■ **What to do**:
For the listing below, output exactly the lines from the line with "2010 Nissan Altima Base" up to and including the line with "Snapshot of CrazzyChicks", and no other lines.

== Segment start ==

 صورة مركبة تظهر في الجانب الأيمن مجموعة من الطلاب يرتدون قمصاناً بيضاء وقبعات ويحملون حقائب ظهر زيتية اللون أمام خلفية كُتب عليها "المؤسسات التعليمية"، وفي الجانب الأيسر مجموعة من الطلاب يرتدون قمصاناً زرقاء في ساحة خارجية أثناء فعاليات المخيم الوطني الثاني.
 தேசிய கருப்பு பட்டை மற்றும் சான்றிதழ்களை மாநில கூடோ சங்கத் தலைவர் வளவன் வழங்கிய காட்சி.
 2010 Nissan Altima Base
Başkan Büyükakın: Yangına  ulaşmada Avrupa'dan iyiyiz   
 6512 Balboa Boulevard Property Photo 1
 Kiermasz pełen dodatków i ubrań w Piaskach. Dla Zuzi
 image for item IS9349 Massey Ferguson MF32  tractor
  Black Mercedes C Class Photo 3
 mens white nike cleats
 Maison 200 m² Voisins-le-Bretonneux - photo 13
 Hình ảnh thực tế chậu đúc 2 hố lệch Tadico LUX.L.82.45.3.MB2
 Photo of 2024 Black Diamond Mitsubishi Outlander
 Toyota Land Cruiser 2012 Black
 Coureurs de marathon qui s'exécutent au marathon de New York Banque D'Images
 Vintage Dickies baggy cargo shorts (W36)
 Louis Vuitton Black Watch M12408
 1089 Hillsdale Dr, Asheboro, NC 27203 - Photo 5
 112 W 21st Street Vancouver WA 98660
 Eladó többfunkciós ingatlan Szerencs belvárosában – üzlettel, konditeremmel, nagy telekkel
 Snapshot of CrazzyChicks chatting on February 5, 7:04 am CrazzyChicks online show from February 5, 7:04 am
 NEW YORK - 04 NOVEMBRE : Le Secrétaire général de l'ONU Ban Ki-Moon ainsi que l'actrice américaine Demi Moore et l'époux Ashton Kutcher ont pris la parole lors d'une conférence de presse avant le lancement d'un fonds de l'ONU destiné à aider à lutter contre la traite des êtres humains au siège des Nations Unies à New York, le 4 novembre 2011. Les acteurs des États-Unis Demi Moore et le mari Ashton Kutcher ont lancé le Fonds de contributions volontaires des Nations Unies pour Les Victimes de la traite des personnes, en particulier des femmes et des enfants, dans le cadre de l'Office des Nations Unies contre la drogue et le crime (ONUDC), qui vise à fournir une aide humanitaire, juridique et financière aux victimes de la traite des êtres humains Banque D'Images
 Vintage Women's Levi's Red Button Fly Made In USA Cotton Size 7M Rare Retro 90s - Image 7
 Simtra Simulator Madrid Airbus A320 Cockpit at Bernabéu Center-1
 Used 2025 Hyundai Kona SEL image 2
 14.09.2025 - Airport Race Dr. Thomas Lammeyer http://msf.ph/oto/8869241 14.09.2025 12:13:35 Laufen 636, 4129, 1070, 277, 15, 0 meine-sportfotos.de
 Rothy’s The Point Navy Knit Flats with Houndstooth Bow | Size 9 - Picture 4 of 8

== Segment end ==

■ **Answer area**:
 2010 Nissan Altima Base
Başkan Büyükakın: Yangına  ulaşmada Avrupa'dan iyiyiz   
 6512 Balboa Boulevard Property Photo 1
 Kiermasz pełen dodatków i ubrań w Piaskach. Dla Zuzi
 image for item IS9349 Massey Ferguson MF32  tractor
  Black Mercedes C Class Photo 3
 mens white nike cleats
 Maison 200 m² Voisins-le-Bretonneux - photo 13
 Hình ảnh thực tế chậu đúc 2 hố lệch Tadico LUX.L.82.45.3.MB2
 Photo of 2024 Black Diamond Mitsubishi Outlander
 Toyota Land Cruiser 2012 Black
 Coureurs de marathon qui s'exécutent au marathon de New York Banque D'Images
 Vintage Dickies baggy cargo shorts (W36)
 Louis Vuitton Black Watch M12408
 1089 Hillsdale Dr, Asheboro, NC 27203 - Photo 5
 112 W 21st Street Vancouver WA 98660
 Eladó többfunkciós ingatlan Szerencs belvárosában – üzlettel, konditeremmel, nagy telekkel
 Snapshot of CrazzyChicks chatting on February 5, 7:04 am CrazzyChicks online show from February 5, 7:04 am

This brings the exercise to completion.